En mathématiques et en algorithmique, le problème des colocataires consiste à trouver, étant donné un nombre pair d'individus, une façon stable de former des paires d'individus. Chaque individu a classé les autres individus selon un ordre de préférence. La stabilité signifie qu'il n'existe pas deux couples (a,b) et (a',b') tels que a préférerait être avec a’ qu’avec b, et a’ préférerait être avec a qu'avec b’. Ce problème diffère du problème des mariages stables par le fait que les individus ne sont pas séparés en deux ensembles, les hommes et les femmes, tels qu'un homme ne peut s'apparier qu'avec une femme et réciproquement.

Solution

Contrairement au problème des mariages stables, le problème des colocataires n'a pas toujours une solution stable[1]. Par exemple, si A, B, C et D sont quatre individus ayant pour préférences :

A : B, C, D
B : C, A, D
C : A, B, D
D : A, B, C

Les individus A, B et C sont chacun le préféré de quelqu'un d'autre : A est le préféré de C et D, B le préféré de A, et C le préféré de B. Montrons qu'il n'existe pas de solution stable pour cet exemple. Considérons n'importe quelle solution. Un du groupe A, B, C serait avec D et les deux autres ensemble : par exemple AD et BC. Mais alors C préférerait être avec A qu'avec B, et A préférerait être avec C qu'avec D. Donc il n'y a pas de solution stable.

Algorithme

Un algorithme efficace a été donné par (Irving 1985). L'algorithme détermine, pour toute instance du problème, si un appariement stable existe ou non. Si oui, il donne un appariement stable. L'algorithme peut s'implémenter en temps O(n2) en utilisant des structures de données appropriées pour faciliter la manipulation des listes de préférences et d'identification des rotations.

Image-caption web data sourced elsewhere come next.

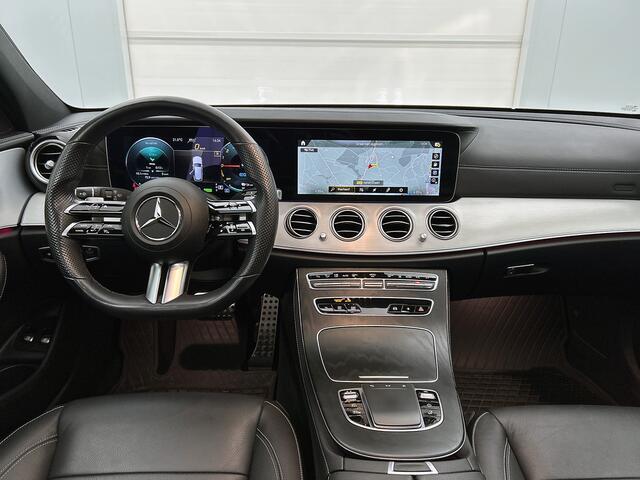 Mercedes-Benz E-estate 300 e AMG-line | Panorama schuif/kanteldak | Trekhaak af fabriek wegklapbaar | Lederen bekleding | Alarm SCM3 | 360gr Camera | Inclusief 24 maanden Mercedes-Benz Certified garantie voor Europa.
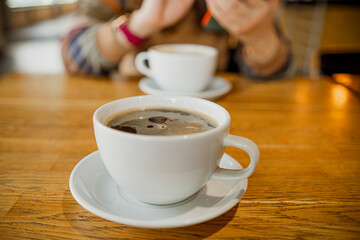 Two cups of coffee resting on a wooden table, representing a cozy coffee break moment in a comfortable setting.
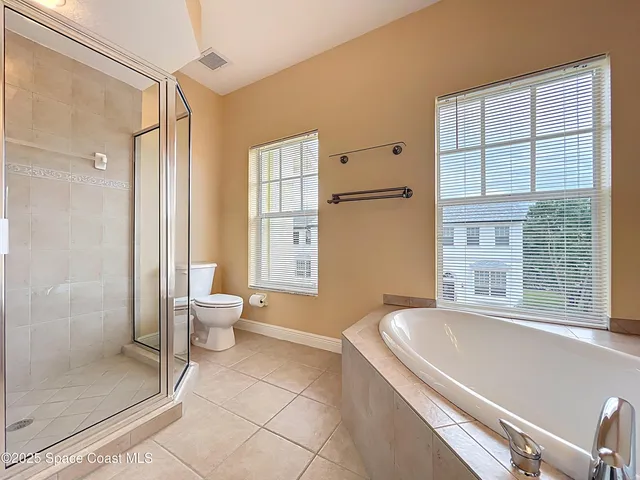 a spacious bathroom with a granite countertop toilet a sink and a large mirror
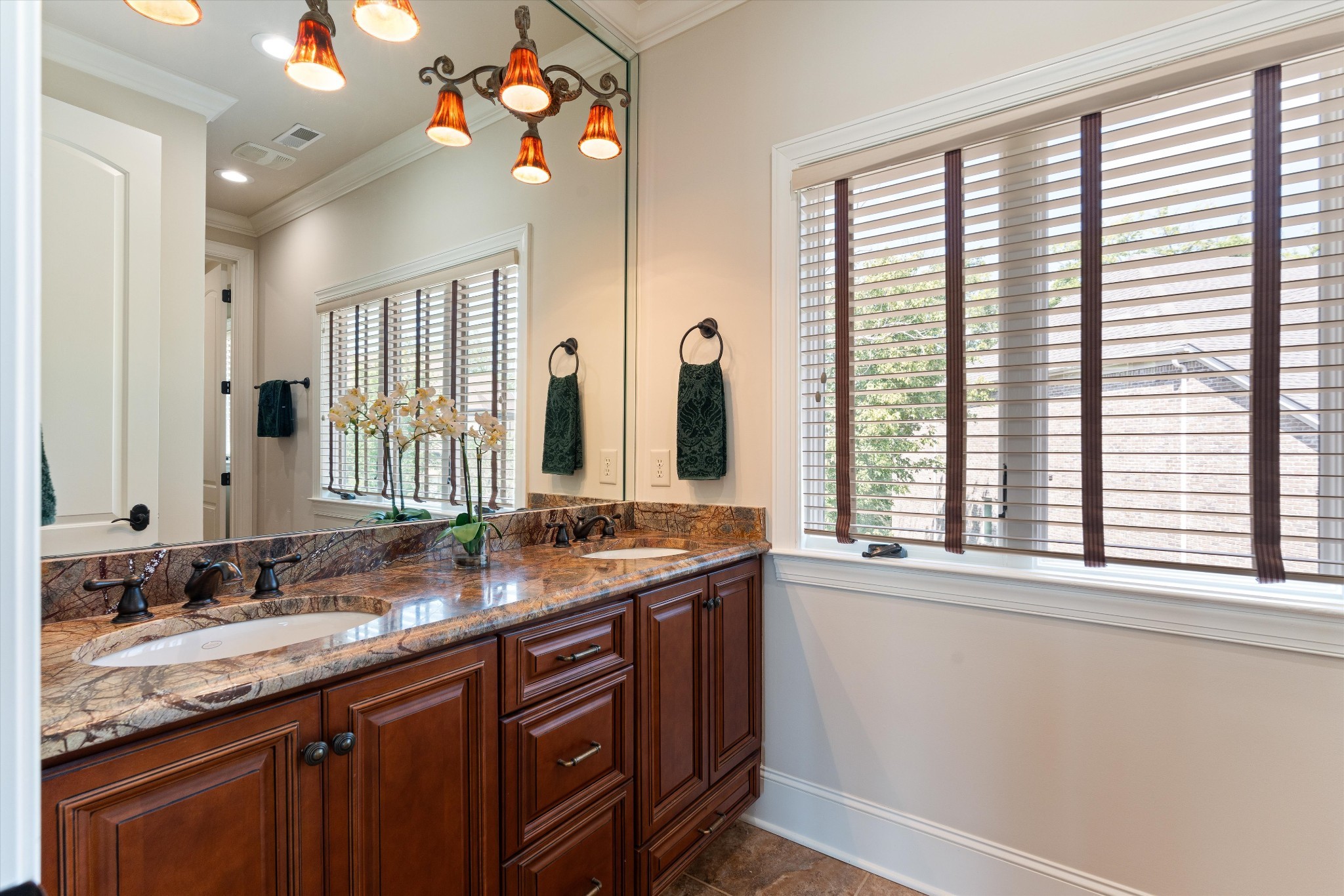 1521 Registry Row Arrington, TN 37014 - Photo 37 of 54 a bathroom with a granite countertop sink and a large mirror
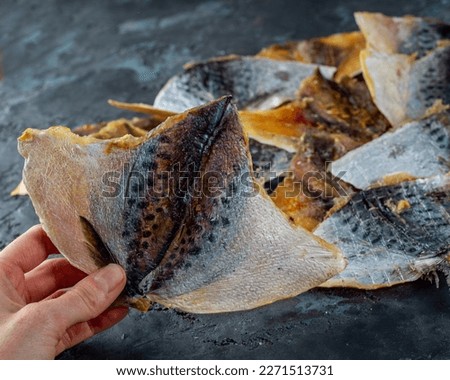 Salted dried horse mackerel, yellow minke fish. Fish appetizer for beer. Stockfish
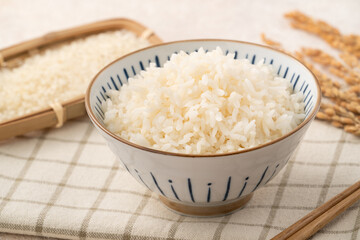 A cookd steamed white rice in a Traditional bowl.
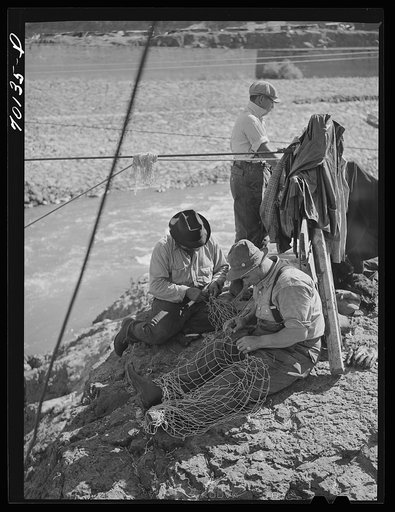 Indian fishermen repairing their nets. Celilo Falls, Oregon. The salmon run was on and fishermen took salmon and sold them to commercial canneries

Cet algorithme s'effectue en deux phases. Dans la première phase, les individus se font des propositions entre eux à l'instar de l'algorithme de Gale-Shaley pour le problème des mariages stables. La deuxième phase consiste en la suppression des cycles.

La phase 1 de l'algorithme s’arrête dans trois cas différents :

  • une ou plusieurs listes de préférence sont vides, dans quel cas on peut directement conclure qu'il n'existe pas d'appariement stable
  • chaque liste de préférence contient exactement un élément, dans quel cas on a trouvé un appariement stable
  • l'algorithme atteint un état stable dans lequel aucune liste n'est vide et certaines listes ont au moins 2 éléments, dans ce cas on passe à la deuxième phase de l'algorithme.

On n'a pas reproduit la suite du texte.